Report: “IR 2030,” KFG Workshop at the University of Wyoming, August 26-27, 2016
Nov 30, 2016
In late August, the KFG – together with Jean Garrison and the Center for Global and Areas Studies at the University of Wyoming – hosted a workshop entitled “International Relations 2030” in Laramie, Wyoming, close to Tanja and Thomas’ second home. The workshop had originally been planned for the occasion of the birthdays of Kathryn Sikkink and Thomas who both turned 60 recently.
In late August, the KFG – together with Jean Garrison and the Center for Global and Areas Studies at the University of Wyoming – hosted a workshop entitled “International Relations 2030” in Laramie, Wyoming, close to Tanja and Thomas’ second home. The workshop had originally been planned for the occasion of the birthdays of Kathryn Sikkink and Thomas who both turned 60 recently.
An illustrious group of North American International Relations scholars showed up, among them Mike Barnett (George Washington University), KFG regular Jeff Checkel (Simon Fraser University), Matt Evangelista (Thomas’ old friend from Cornell University), Marty Finnemore (George Washington University), KFG senior fellows Liesbet Hooghe and Gary Marks (University of North Carolina, Chapel Hill), our SFB Mercator fellow Steve Krasner (Stanford University), Kathryn Sikkink (Thomas’ long-term collaborator on human rights research from Harvard University), our comparative regionalism “partner in crime”, Etel Solingen (University of California, Irvine), as well as various faculty members from the University of Wyoming.
The academic part of the workshop discussed “International Relations 2030,” as a “blue sky” collective brainstorming exercise: How would the field of International Relations look like in 2030? What are the likely theoretical and substantive controversies? And what about the real world in 2030? Will we still be discussing the themes of the early 21st century? The debates centered around the accomplishments of norms research in IR, on the need to break the barriers between comparative politics and IR, and on the lack of serious theorizing in contemporary IR. But we also discussed substantive themes, such as the future of nuclear weapons in 2030 or the state of the art in human rights research.

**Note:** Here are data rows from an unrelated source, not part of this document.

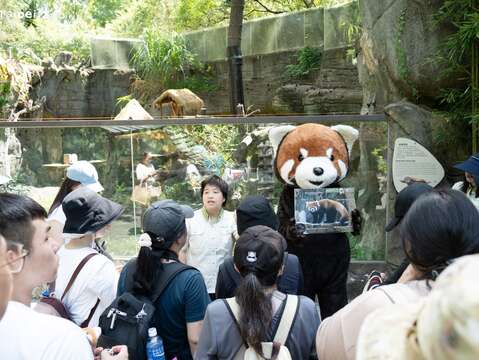 解說員介紹小貓熊(圖片來源：臺北市立動物園)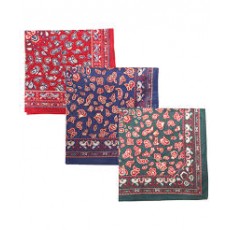 Barbour Paisley Hankie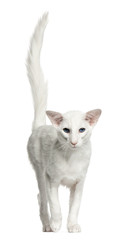Balinese cat, 1 year old, standing in front of white background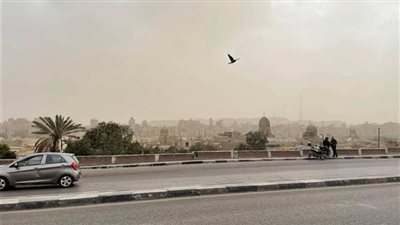 درجات الحرارة وحالة الطقس بأسيوط غدا الخميس 20-1-2022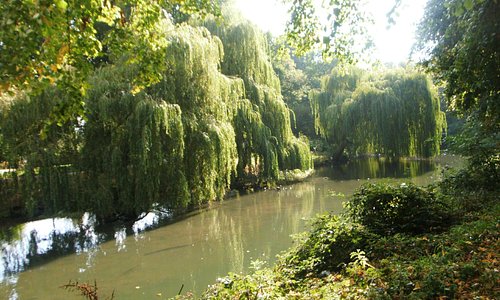 Trees along the River Anker, Riversley Park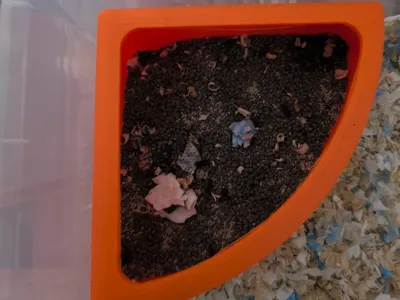 Hamster Djungarian Hamster Triangular Corner Toilet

There was also a fun part to the workshop: Participants went on a hike at 3000m/10.000 feet in the Snowy Range mountains (see pictures) where we almost left back Steve Krasner alone in a locked car. Afterwards, workshop participants and Wyoming friends enjoyed a barbeque at T&T’s place in Centennial (where Matt Evangelista had a special present for Thomas, the official Cornell Peace Studies Program T-shirt of the late 1980s!).